All Hail the Death-Proof King

N.T. Wright's stuff on the resurrection is better than most everybody else's. Case in point: his doorstop-slash-book The Resurrection of the Son of God.
Wright's continuing call for a more biblical cosmology is not just reforming the way we view heaven, but revolutionizing the way we live our lives in the light of the kingdom that is "at hand."

Here's a quote from Wright's Surprised by Hope:
The resurrection of Jesus offers itself, to the student of history or science no less than the Christian or theologian, not as an odd event within the world as it is but as the utterly characteristic, prototypical, and foundational event within the world as it has begun to be. It is not an absurd event within the old world but the symbol and starting point of the new world. The claim advanced by Christianity is of that magnitude: Jesus of Nazareth ushers in not simply a new religious possibility, not simply a new ethic or a new way of salvation, but a new creation....

We could cope – the world could cope – with a Jesus who ultimately remains a wonderful idea inside his disciples; minds and heart. The world cannot cope with a Jesus who comes out of the tomb, who inaugurates God’s new creation right in the middle of the old one.

The resurrection, like the cross, is a scandal. But it's a beautiful one. The resurrection retroactively verifies the kingdom reality Jesus taught and lived in his 3 years of ministry and it effectively sets in motion the "rapidly gradual" invasion of the new heavens and new earth.

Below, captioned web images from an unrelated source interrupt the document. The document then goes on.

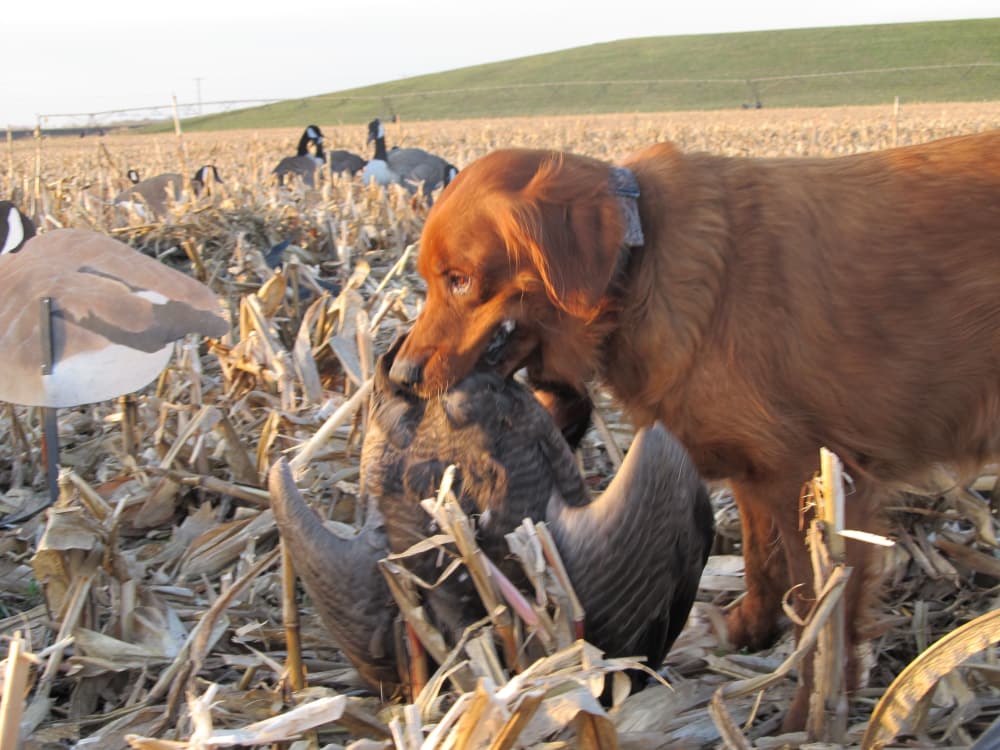 Michigan's Muskegon Wastewater Management Area: A Waterfowling Paradise
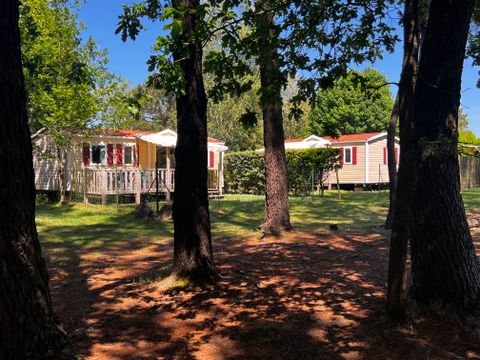 Camping Les Bruyères Carnac - Camping Morbihan - Image N°207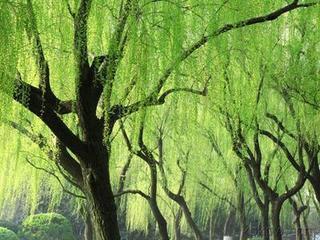 三人行2024第十四期诗刊—北京头条（图28）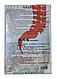 Инфракрасный пластырь "Ноха"(NSOXC) от подагры, артрита и артроза, 10 шт, фото 2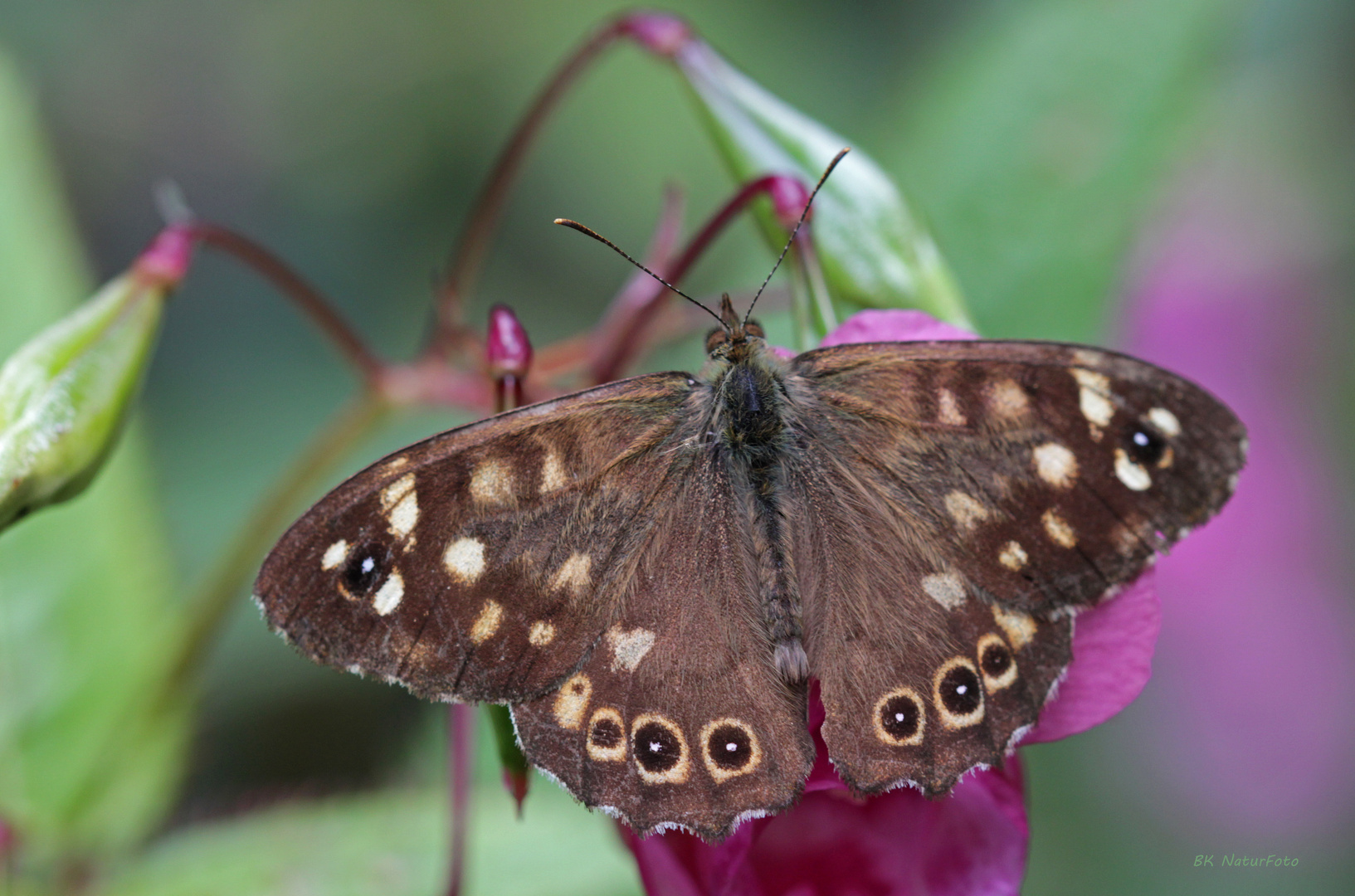 Waldbrettspiel (Pararge aegeria)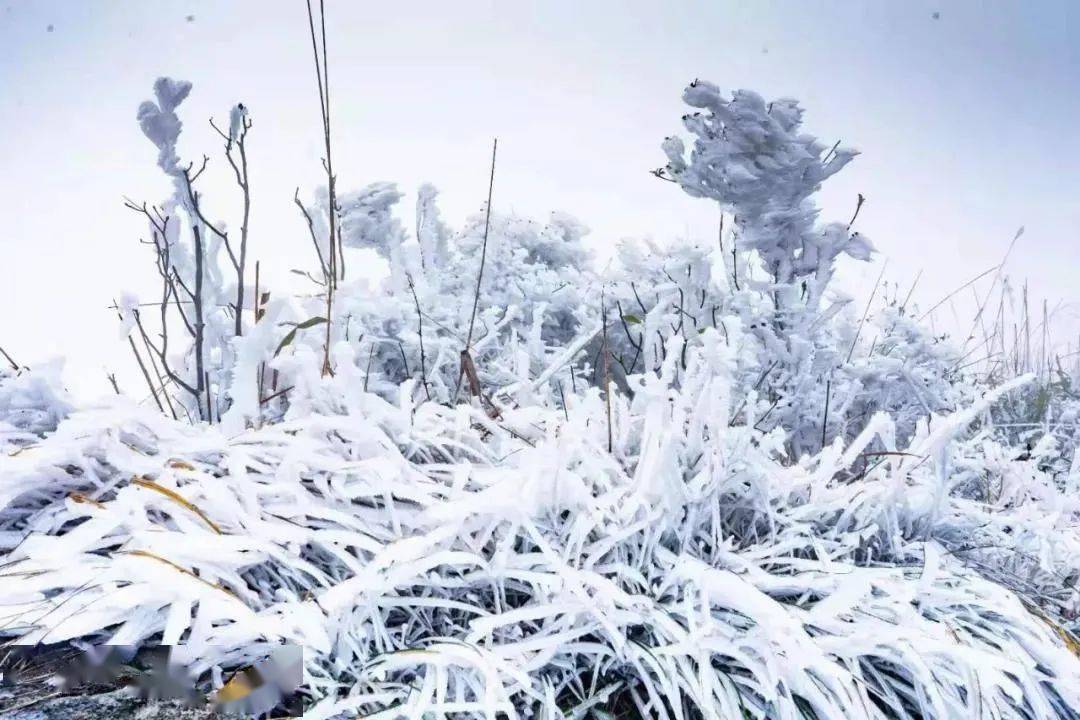 广东下雪了!最低跌破0!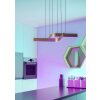 Illuminazione Eglo FOLCINO-Z Lampadario a sospensione LED Bronzo, Nero, Cambia colore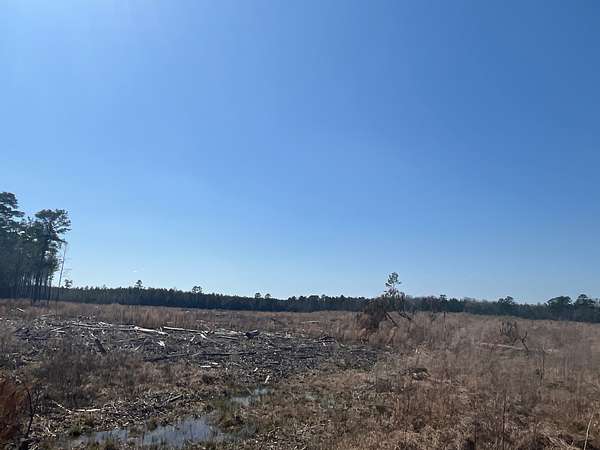 56 Acres of Land for Sale in Sarepta, Louisiana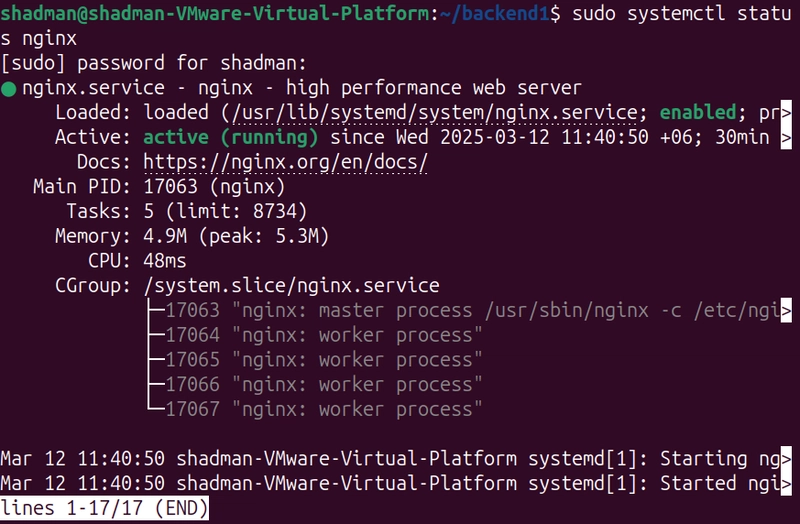 Nginx Config for Load Balancing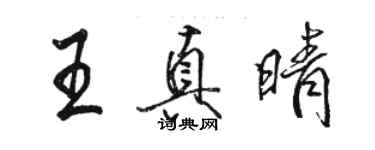 駱恆光王真晴行書個性簽名怎么寫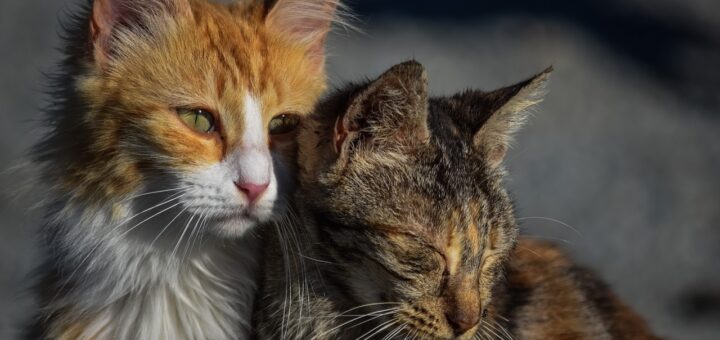 Gatti in appartamento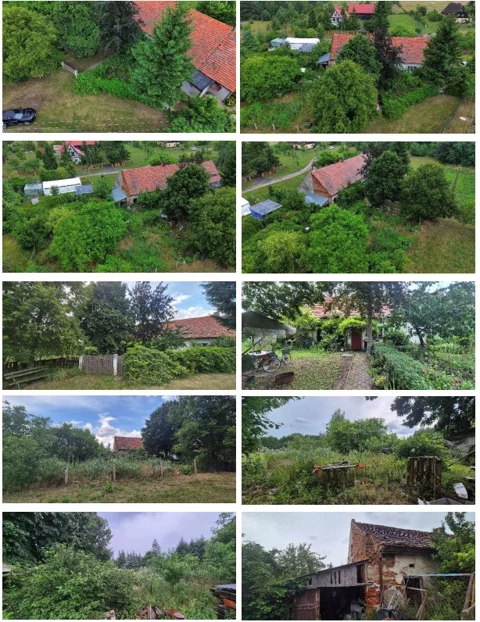 TTT-000001456 - zdjęcie nr 0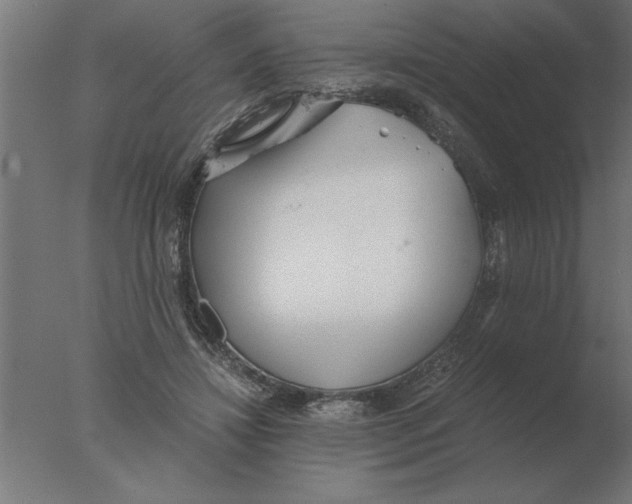 X0000076090452200610202112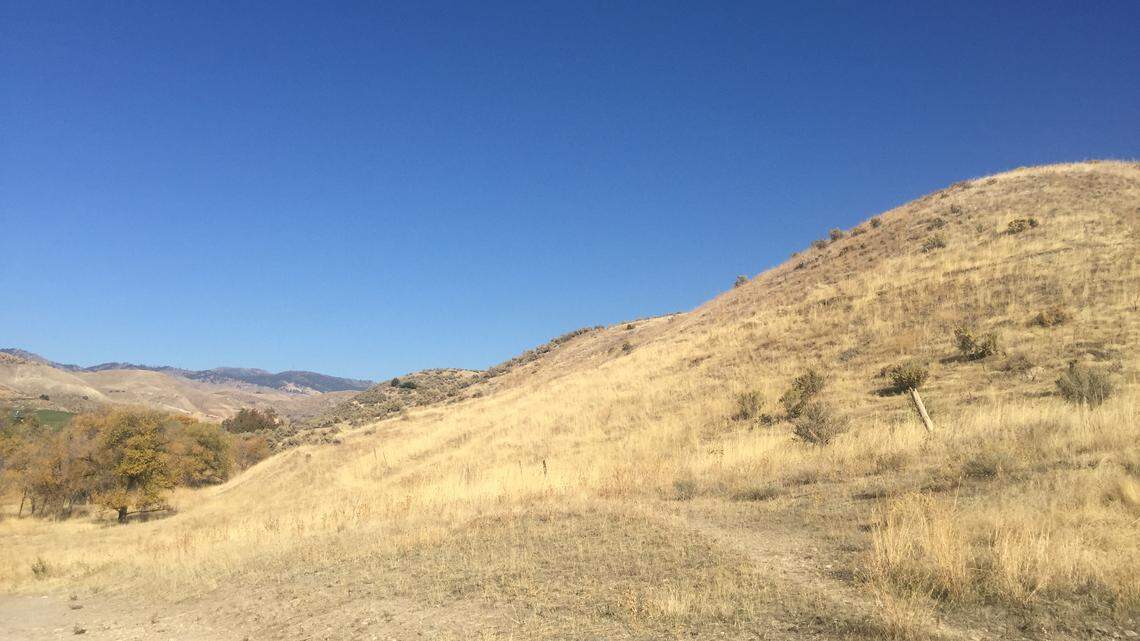 A Boise developer has proposed building 29 lots on privately owned land that sits between Hillside to Hollow Reserve and Quail Hollow Golf Course in the Central Foothills.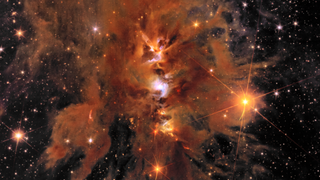 A blobby and hazy reddish orange structure in space. Lots of sparkling stars are scattered throughout the image.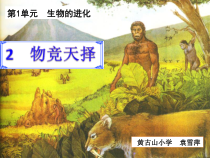 科学【湘科版】六下《物竞天择》第二课时）PPT课件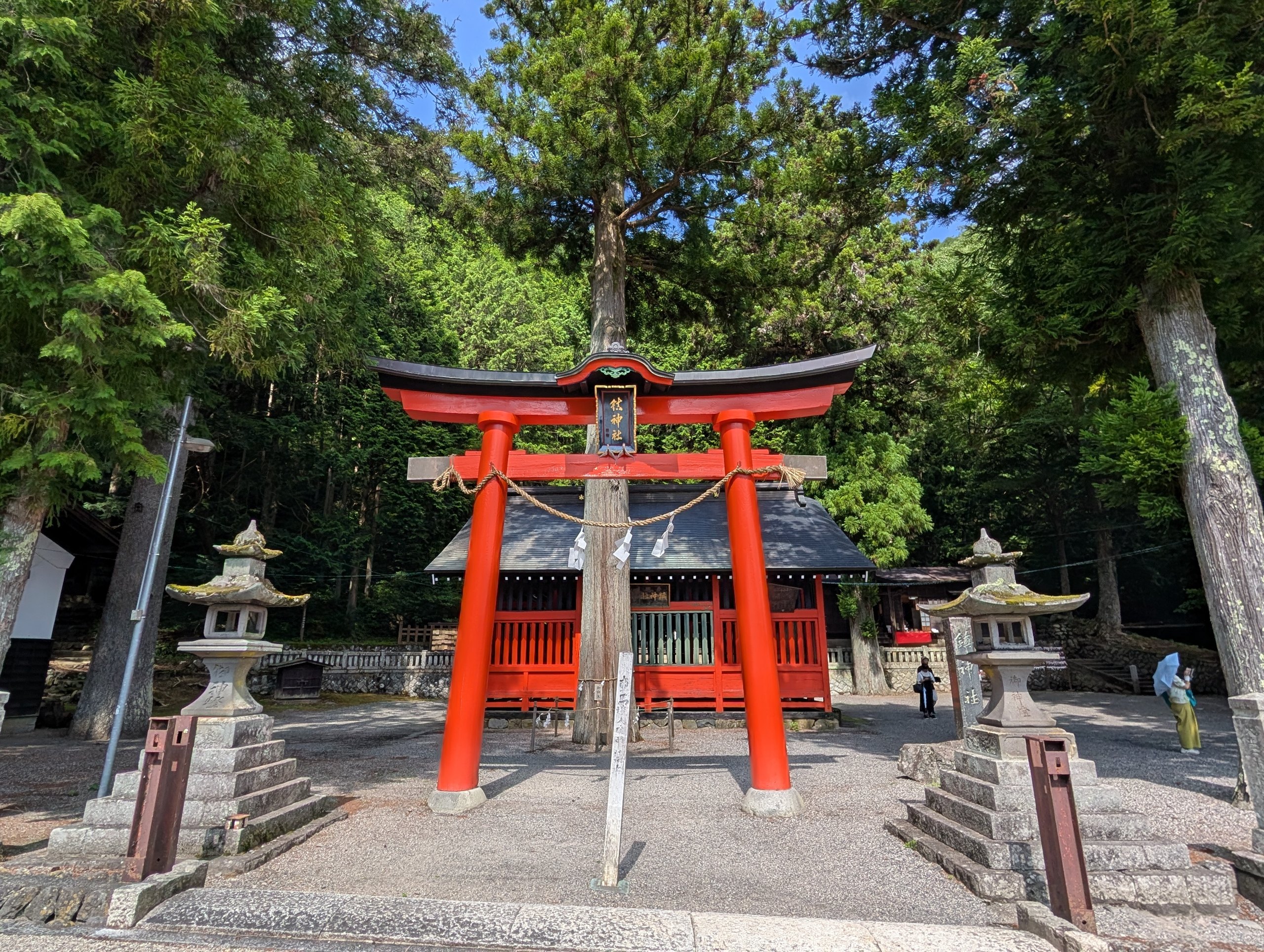 赤い鳥居と石灯籠、その奥の鎮神社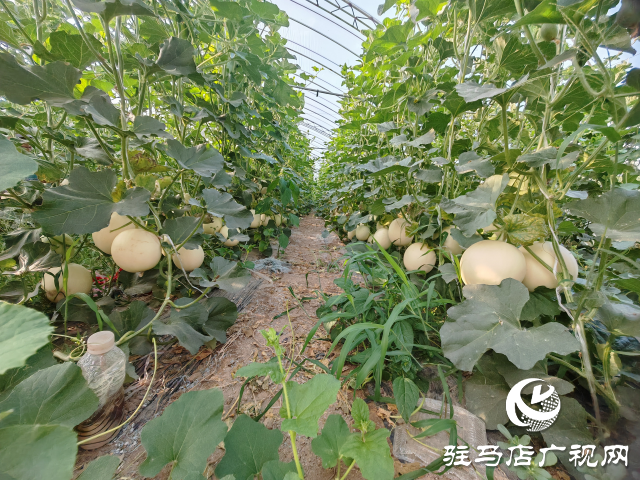 平輿縣射橋鎮西關居委會：“甜紅玉”甜瓜大豐收 結出增收致富“甜蜜果”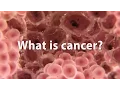 Download Lagu What is cancer? What causes cancer and how is it treated? *UPDATE*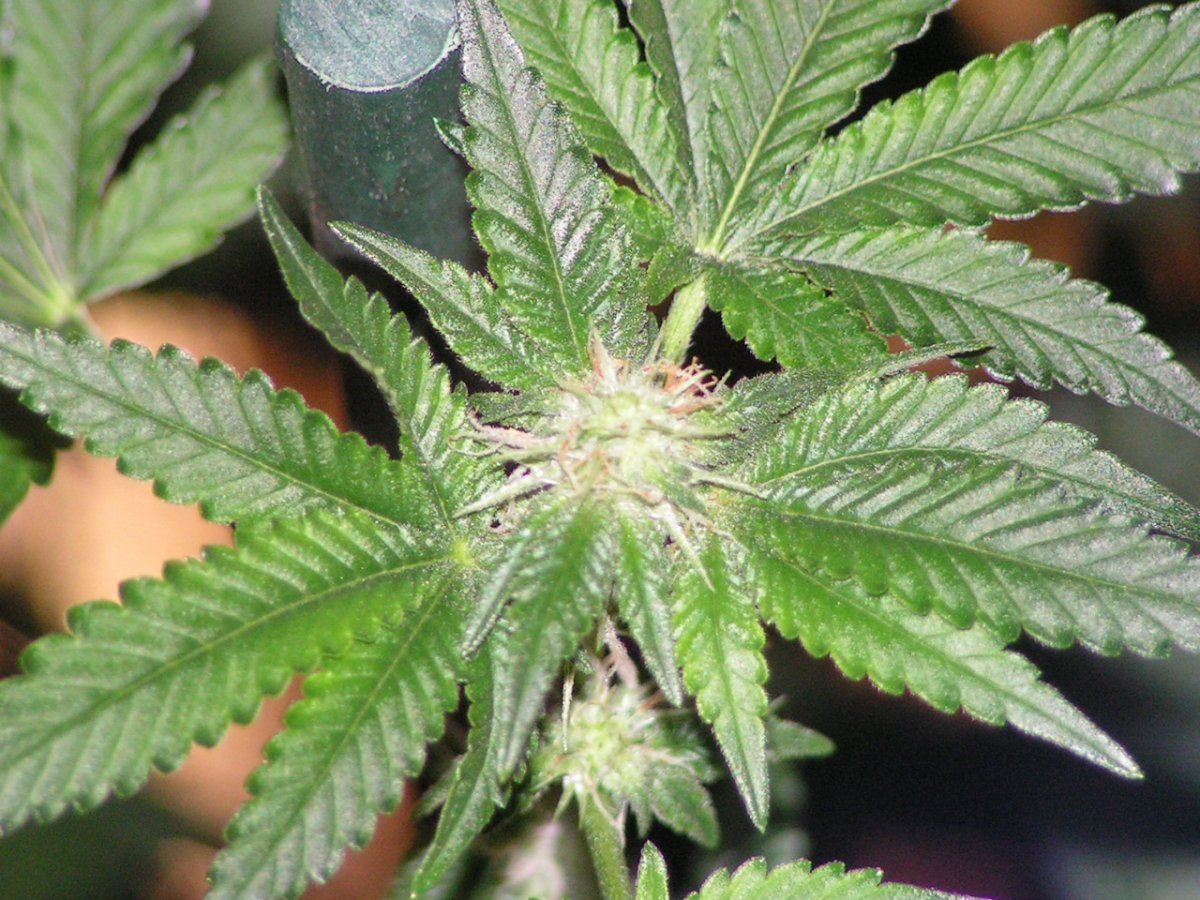 Gsc  ac 8 1 1
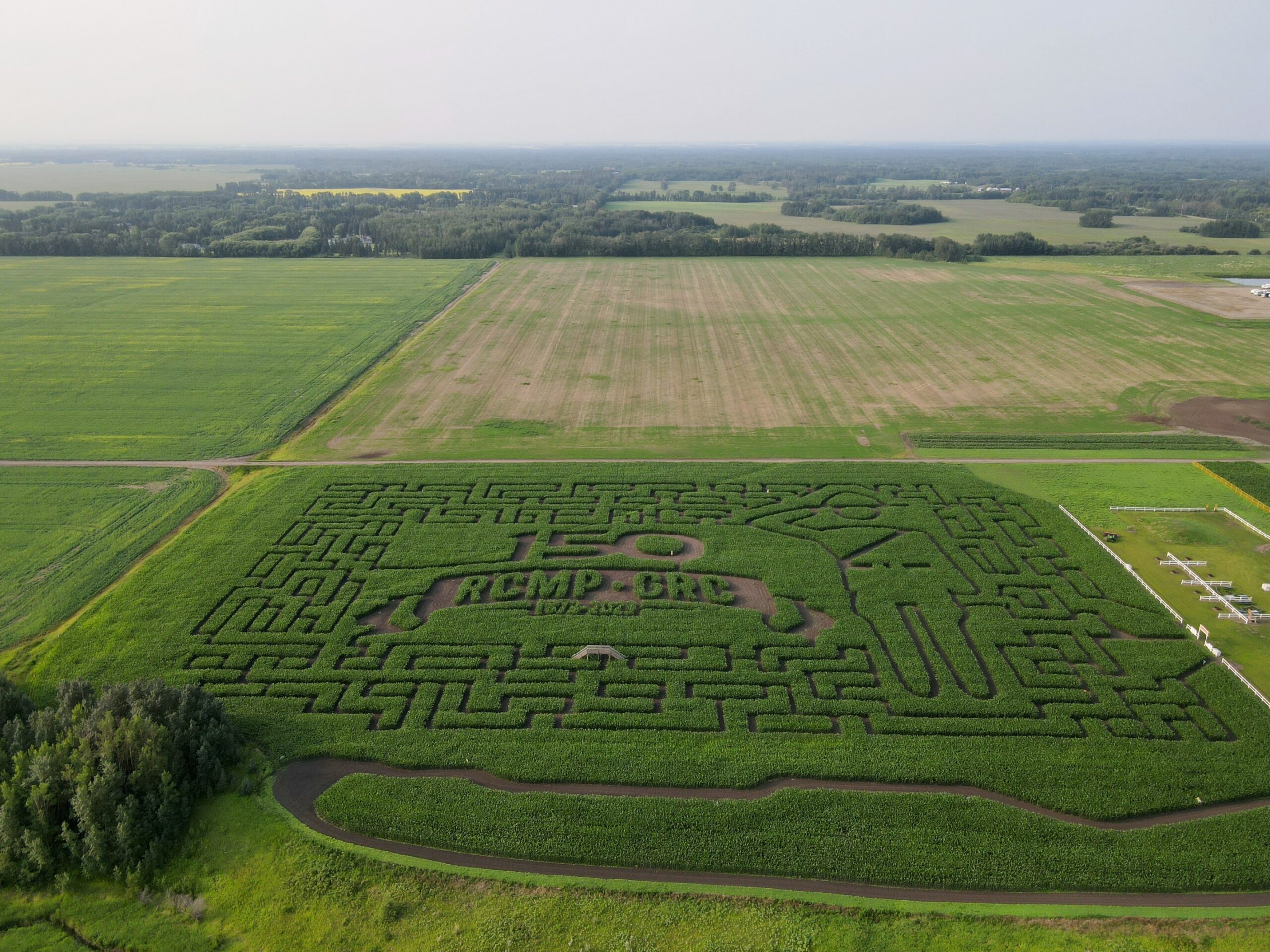 Maze Edmonton s Original Corn Maze Maze Edmonton s Original Corn Maze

Now that sin is killed and death is conquered -- now that real life is the kingdom reality ruled by a death-proof king -- what ramifications might this have on the way we view just about everything?
Shouldn't it move us in ways deeper and more fulfilling than sports, music, art, movies? Shouldn't it imbue our work, our play, our pain, our desires, our dreams with more resonance, more meaning, more hope?

“The Resurrection is the eucatastrophe of the story of the Incarnation — This story begins and ends in joy.” -- J.R.R. Tolkien

Sin has no power any more. Death is dead.
!!!

Blessed be the God and Father of our Lord Jesus Christ! According to his great mercy, he has caused us to be born again to a living hope through the resurrection of Jesus Christ from the dead, to an inheritance that is imperishable, undefiled, and unfading, kept in heaven for you.
-- 1 Peter 1:3-4

2 comments:

joshua otte said...

I'm pretty sure there's a not more to life than being really, really, ridiculously gospel driven!

thanks for feeding my soul. again.

extra props for bringing in Wright and Tolkien. ridiculous!

Unknown said...

"N.T. Wright's stuff on the resurrection is better than most everybody else's.

Truth. Not only that, but his stuff on "Jesus" is better than most everybody else's. I've commented frequently that, humanly speaking, Tom Wright is responsible for preserving my orthodoxy because of his work on this guy named Jesus.